Take a look at the video. You'll see one jacka$$ threw his brief case down the ramp before he went down and it opened up. Then he started to run after some of the papers.

http://www.cnn.com/video/#/video/us/2009/05/12/vo.tx.plane.fire.ktrk

wrp96
05-12-2009, 11:02 PM
Ned, I noticed numerous people went down with their carryons in their hands. But that idiot was especially noteworthy.


It surprised me how long it took before they began evacuating that plane. I counted at least 2 full minutes after the plane came to a complete stop. I wonder how long it took to realize the plane was on fire.


Also, it occurred to me that the flight attendant wearing shorts was probably highly regretting her decision to opt for shorts instead of pants for that flight.

bodega
05-12-2009, 11:44 PM
Did you see that the man who threw his briefcase down first, then slid down, also sat at the end of the slide while he collected his stuff. Idiot!

pezmanffx
05-13-2009, 04:47 AM
Ok, I think is should be a felony to bring a carry-on during an evacuation and should be announced as such during the safety briefing. This is just plain reckless endangerment.

Ned
05-13-2009, 04:58 AM
P-man, they do announce that you should leave everything in the plane, except your coat or jacket if it's cold outside, if you have to evacuate. Some people don't understand how important it is.

Personally, I think they should briefly, no make that "very briefly," explain why you should do that, when they make that announcement. They don't, and I think if people understood why, it would make a difference.

I can tell you that my camera will be around my neck if I ever have to evacuate again. There is no way I'm going to miss the opportunity to get photos of the accident and evacuation if I can do it. Hell, I could get a Pulitzer Prize, well maybe at least a big pat on the back anyway, but I can dream, can't I?

During cold weather, I always keep my coat or jacket in my lap during takeoff and landing, as a precaution. If the plane does go down, I don't want to survive a crash, only to die of exposure, or hypothermia. I also keep my camera in the seat pocket in front of me, so that once we're down I can grab that Pulitzer. ;)

Seriously, I could get some amazing shots that way.

Ok, I think is should be a felony to bring a carry-on during an evacuation and should be announced as such during the safety briefing. This is just plain reckless endangerment.

jfrenaye
05-13-2009, 07:08 AM
I can tell you that my camera will be around my neck if I ever have to evacuate again. There is no way I'm going to miss the opportunity to get photos of the accident and evacuation if I can do it. Hell, I could get a Pulitzer Prize, well maybe at least a big pat on the back anyway, but I can dream, can't I?

Or a payoff to either release the photos to a tabloid or not to release them!

IslandGirl
05-13-2009, 07:14 AM
We had a fire in our old house it was struck by lightening. I grabbed the kids, dogs and was dialing 911 as I was calmly exiting. The last thing on my mind was possessions. Our lives came first.
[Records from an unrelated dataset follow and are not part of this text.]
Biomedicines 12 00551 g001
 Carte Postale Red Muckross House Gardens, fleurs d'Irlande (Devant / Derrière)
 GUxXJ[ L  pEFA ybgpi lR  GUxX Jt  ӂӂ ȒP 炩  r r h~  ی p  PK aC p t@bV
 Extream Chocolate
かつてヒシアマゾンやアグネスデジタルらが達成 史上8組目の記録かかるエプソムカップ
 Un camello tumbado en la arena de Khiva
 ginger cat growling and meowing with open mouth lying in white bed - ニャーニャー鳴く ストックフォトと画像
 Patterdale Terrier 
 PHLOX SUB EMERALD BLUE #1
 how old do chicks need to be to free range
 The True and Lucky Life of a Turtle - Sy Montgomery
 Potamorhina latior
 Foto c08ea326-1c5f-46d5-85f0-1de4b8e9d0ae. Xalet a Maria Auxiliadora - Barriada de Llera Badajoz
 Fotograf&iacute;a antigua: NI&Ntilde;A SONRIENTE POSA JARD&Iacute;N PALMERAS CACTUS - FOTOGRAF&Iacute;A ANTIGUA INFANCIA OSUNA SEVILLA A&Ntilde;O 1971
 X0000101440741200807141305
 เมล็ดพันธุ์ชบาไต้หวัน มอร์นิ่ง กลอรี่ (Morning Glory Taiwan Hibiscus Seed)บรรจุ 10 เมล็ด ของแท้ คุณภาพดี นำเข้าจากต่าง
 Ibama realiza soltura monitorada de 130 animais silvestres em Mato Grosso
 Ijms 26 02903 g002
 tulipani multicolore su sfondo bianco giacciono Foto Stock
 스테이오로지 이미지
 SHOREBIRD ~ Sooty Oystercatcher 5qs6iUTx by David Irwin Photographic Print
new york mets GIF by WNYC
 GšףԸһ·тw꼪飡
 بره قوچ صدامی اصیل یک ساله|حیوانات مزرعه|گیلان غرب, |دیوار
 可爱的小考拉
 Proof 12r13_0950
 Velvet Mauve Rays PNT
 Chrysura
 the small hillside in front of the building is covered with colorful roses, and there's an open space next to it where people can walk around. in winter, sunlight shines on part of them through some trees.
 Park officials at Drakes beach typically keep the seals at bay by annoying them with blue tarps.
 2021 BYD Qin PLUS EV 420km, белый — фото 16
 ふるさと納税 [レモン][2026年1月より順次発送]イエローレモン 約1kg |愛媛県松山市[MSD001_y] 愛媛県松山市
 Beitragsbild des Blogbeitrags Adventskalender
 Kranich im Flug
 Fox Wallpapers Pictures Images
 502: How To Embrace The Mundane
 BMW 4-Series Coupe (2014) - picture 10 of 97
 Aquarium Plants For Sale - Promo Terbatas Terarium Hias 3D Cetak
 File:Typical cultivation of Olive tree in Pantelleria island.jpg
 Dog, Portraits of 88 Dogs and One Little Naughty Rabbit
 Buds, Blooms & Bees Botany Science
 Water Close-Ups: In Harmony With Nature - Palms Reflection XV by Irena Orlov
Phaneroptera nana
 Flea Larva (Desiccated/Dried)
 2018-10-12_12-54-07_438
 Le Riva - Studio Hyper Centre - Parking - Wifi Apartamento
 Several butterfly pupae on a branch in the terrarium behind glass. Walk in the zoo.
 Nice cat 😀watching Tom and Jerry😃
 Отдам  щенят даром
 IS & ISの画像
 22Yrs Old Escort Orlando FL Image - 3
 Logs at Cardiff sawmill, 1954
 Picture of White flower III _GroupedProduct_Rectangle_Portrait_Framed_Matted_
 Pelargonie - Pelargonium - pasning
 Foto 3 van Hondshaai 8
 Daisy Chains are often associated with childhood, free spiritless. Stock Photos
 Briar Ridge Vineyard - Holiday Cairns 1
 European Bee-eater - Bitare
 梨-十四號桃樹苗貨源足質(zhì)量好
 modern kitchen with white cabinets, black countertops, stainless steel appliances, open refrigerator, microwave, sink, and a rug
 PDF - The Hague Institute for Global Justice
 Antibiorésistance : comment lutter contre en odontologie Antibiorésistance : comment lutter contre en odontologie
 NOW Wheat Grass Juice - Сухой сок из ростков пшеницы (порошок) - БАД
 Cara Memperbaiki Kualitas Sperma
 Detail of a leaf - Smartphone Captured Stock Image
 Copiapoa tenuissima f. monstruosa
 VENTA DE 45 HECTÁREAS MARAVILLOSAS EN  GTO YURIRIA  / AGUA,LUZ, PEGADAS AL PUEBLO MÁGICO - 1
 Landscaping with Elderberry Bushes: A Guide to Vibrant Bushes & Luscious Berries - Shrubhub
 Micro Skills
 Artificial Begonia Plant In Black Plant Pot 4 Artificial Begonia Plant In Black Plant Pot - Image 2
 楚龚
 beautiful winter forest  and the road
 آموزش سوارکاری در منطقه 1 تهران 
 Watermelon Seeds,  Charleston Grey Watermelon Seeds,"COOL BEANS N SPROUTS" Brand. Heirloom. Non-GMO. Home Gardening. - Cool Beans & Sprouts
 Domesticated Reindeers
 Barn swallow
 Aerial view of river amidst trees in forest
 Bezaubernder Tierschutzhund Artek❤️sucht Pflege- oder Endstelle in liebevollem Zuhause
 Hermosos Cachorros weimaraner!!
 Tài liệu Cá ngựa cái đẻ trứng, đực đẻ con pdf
They tell you in the event of an emergency to leave your belongings. I can't believe these people.

As to the flight attendant wearing shorts remember the United crash in Iowa? One of the flight attendant's hose was melted into her legs. Polyester pants would do the same thing.

Ned
05-13-2009, 07:32 AM
You are exactly right about clothing.

In my Tripso column last week, What are the odds of my plane crashing? (http://www.tripso.com/columns/what-are-the-odds-of-my-plane-crashing/) I discussed what clothing to wear when flying.

Wear the right clothing to fly. Wear a good pair of shoes or leather sneakers, never sandals or flip-flops. For women, wearing high heels may make an airborne fashion statement, but you don’t want to be wearing them in case of an emergency exit from a plane. Sandals or “heels” make it hard to move quickly within wreckage.

I wear long pants and long sleeved shirts, made with natural fibers (synthetics or high synthetic content blends can melt on your skin in a fire, causing serious and even fatal wounds) to protect my skin from the possibility of intense heat and fire, but more importantly, to be honest, to help me slide down the wing of an aircraft or emergency slide. Experience has taught me going down that slide can hurt.My column this week, Air crash survival secrets your airline may not tell you (http://www.tripso.com/columns/air-crash-survival-secrets-your-airline-may-not-tell-you/) follows up last weeks article and completes the 2 part series about what passengers can do in the unlikely case of being involved in an airplane accident.

We had a fire in our old house it was struck by lightening. I grabbed the kids, dogs and was dialing 911 as I was calmly exiting. The last thing on my mind was possessions. Our lives came first. They tell you in the event of an emergency to leave your belongings. I can't believe these people.

As to the flight attendant wearing shorts remember the United crash in Iowa? The one flight attendant's hose were melted into her legs? Polyester pants would do the same thing.

katroa
05-13-2009, 08:05 AM
Not only did he throw his briefcase down first, he sat on the end of the slide while he gathered the papers together. I was waiting for another person to come down and kick him out of the way.

pezmanffx
05-13-2009, 08:48 AM
Ned I know they announce it but I think it should be a criminal offense with jail time.

wrp96
05-13-2009, 09:02 AM
P-man, they do announce that you should leave everything in the plane, except your coat or jacket if it's cold outside, if you have to evacuate. Some people don't understand how important it is.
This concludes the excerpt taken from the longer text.